Junji Ito: Maniac é uma experiência melhor que o Collection

Em 2018 foi lançado no Japão o anime para TV Junji Ito: Collection, distribuído oficialmente pela Crunchyroll aqui no Brasil. Agora, cinco anos depois, foi lançado o ONA (Original Net Animation, ou seja, obras lançadas diretamente na internet) Junji Ito: Maniac (ou, em português, Junji Ito: Histórias Macabras do Japão), distribuído oficialmente pela Netflix.

Neste ano, a adaptação das obras de Junji Ito permanece com o Studio Deen, assim como em 2018, e mais uma vez a obra não alcança a casa dos 7 de nota no MyAnimeList. Subiu, sim, mas não muito: de 6,45 para 6,62. É pouco, eu sei, mas essa diferença já se reflete em cena; houve um avanço em comparação ao anime anterior.

A série de anime adaptará 20 histórias de vários mangás de Itou pela primeira vez, incluindo Tomie, Souichi e Kubitsuri Kikyuu.

Diferente da obra anterior, que teve um começo fraco com o personagem Soichi – que, para mim, é uma das criações mais fracas de Junji Ito –, em Histórias Macabras do Japão iniciamos a jornada com o episódio intitulado “Os estranhos irmãos Hikizuri”, que é, olha... um ótimo começo.

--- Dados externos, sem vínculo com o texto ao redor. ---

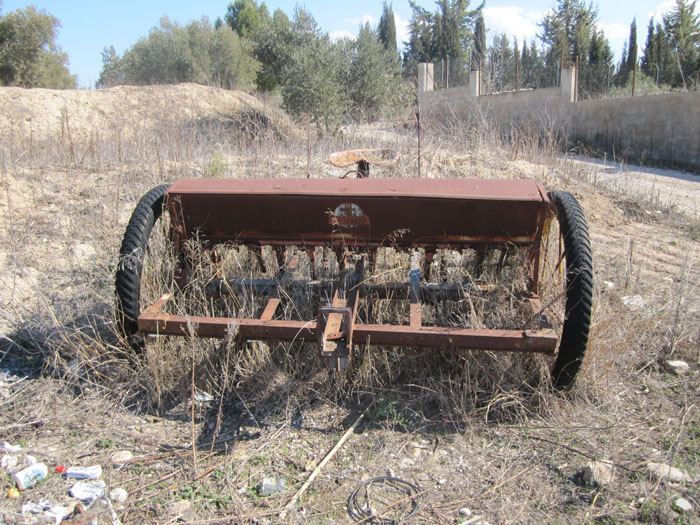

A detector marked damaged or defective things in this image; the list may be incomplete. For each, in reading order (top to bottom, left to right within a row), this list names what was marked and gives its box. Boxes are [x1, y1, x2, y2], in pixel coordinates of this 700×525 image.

rusty farm equipment [115, 149, 592, 386]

Outro ponto de destaque deste primeiro episódio é o protagonista; gostei muito dele e até me identifiquei um pouco. E, por incrível que pareça, é um conto que não possui um final caótico, diferente da maioria.

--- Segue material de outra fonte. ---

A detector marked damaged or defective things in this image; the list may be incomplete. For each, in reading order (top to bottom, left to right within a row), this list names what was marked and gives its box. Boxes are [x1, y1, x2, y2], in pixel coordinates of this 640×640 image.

Faço questão também de deixar claro que, em alguns momentos, é agradável aos olhos o visual mais “clean”. Contudo, é fato que isso limita a experiência de se consumir obras de Junji Ito. Ao ler o mangá, o visual mais “sujo” promove melhor a sensação de horror que o autor tenta passar, apesar de nem sempre conseguir.


(Anime)
(Mangá)

Assistir Junji Ito: Maniac foi uma experiência superior a acompanhar Junji Ito: Collection, e acredito que dois fatores foram fundamentais para isso:

  1. Contos: Desta vez houve uma melhor escolha nas histórias. Obviamente ainda existem contos que você simplesmente sente vontade de pular, mas, comparado a 2018, estes são superiores.
  2. Disponibilidade “de uma só vez”: Eu acompanhei Junji Ito: Collection enquanto era lançado e foi frustrante esperar semana a semana para assistir um episódio completamente medíocre. A Netflix acertou ao disponibilizar a obra toda de uma vez, tornando a experiência mais dinâmica e permitindo mascarar os episódios medianos entre os bons. E é isso que, para mim, representa a essência de Histórias Macabras do Japão: um anime que oscila.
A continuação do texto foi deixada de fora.